Mi abuelo Antonio era uno de los tantos inmigrantes que llegaron a la Argentina a principios del siglo pasado. Vino de Italia, de su pueblo en Pietra Roja, cerca de Benevento. Vino de muy joven, sin saber el idioma y por el llamado de otros parientes que ya estaban acá. Entró a trabajar en el ferrocarril y pasó de ser un simple peón a jubilarse como inspector luego de muchos años de trabajo. Formó su familia y su vida acá, en esa época.

En su casa de un barrio del Gran Buenos Aires tenía en el fondo su taller de herramienta, donde hacia sus arreglos y manualidades.
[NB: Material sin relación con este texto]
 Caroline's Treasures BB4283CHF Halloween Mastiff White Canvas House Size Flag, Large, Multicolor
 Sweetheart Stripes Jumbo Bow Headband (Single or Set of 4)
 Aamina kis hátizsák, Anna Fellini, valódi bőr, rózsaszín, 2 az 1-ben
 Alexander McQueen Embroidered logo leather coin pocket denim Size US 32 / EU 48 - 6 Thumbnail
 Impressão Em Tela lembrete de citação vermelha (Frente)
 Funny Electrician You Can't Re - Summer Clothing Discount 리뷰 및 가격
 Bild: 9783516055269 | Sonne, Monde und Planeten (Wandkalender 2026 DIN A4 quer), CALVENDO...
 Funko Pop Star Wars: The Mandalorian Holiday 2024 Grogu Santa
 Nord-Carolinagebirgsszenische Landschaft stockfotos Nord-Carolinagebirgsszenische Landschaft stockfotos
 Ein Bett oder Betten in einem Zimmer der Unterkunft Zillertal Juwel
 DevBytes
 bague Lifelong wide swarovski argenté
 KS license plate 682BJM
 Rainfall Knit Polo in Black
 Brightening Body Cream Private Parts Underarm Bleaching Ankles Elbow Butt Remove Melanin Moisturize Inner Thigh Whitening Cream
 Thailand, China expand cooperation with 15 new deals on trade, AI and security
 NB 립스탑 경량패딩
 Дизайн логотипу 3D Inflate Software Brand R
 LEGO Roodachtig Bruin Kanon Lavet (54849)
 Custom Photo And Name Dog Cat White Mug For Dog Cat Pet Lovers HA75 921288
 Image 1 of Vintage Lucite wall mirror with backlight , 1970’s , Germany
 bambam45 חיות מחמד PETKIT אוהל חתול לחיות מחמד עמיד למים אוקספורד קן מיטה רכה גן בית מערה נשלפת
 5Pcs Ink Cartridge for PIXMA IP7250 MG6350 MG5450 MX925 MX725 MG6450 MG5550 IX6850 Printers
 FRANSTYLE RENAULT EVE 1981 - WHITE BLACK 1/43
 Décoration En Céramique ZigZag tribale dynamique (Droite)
Yo de chico jugaba en ese taller, con esas herramientas oxidadas y siempre me llamaba la atención un pequeño cuadrito que presidía discretamente el taller. Ese cuadrito era la imagen – casi un dibujo – de una señora con el pelo rubio, tirante que terminaba en un rodete y una sonrisa amplia y bella. Para los ojos de mi infancia era sólo un cuadrito entre las maderas. Un cuadrito que miraba cada domingo por la tarde.
Una de esas tardes mi abuelo Antonio, esquivando la costumbre de la siesta entró, con su eterno bastón en el taller mientras yo jugaba. Lo miré sorprendido porque él casi nunca iba para el fondo, pero más me sorprendió porque por primera y única vez lo vi mirando a ese cuadrito diminuto, con los ojos llenos de lágrimas. Como si se hubiese olvidado que ella estaba ahí.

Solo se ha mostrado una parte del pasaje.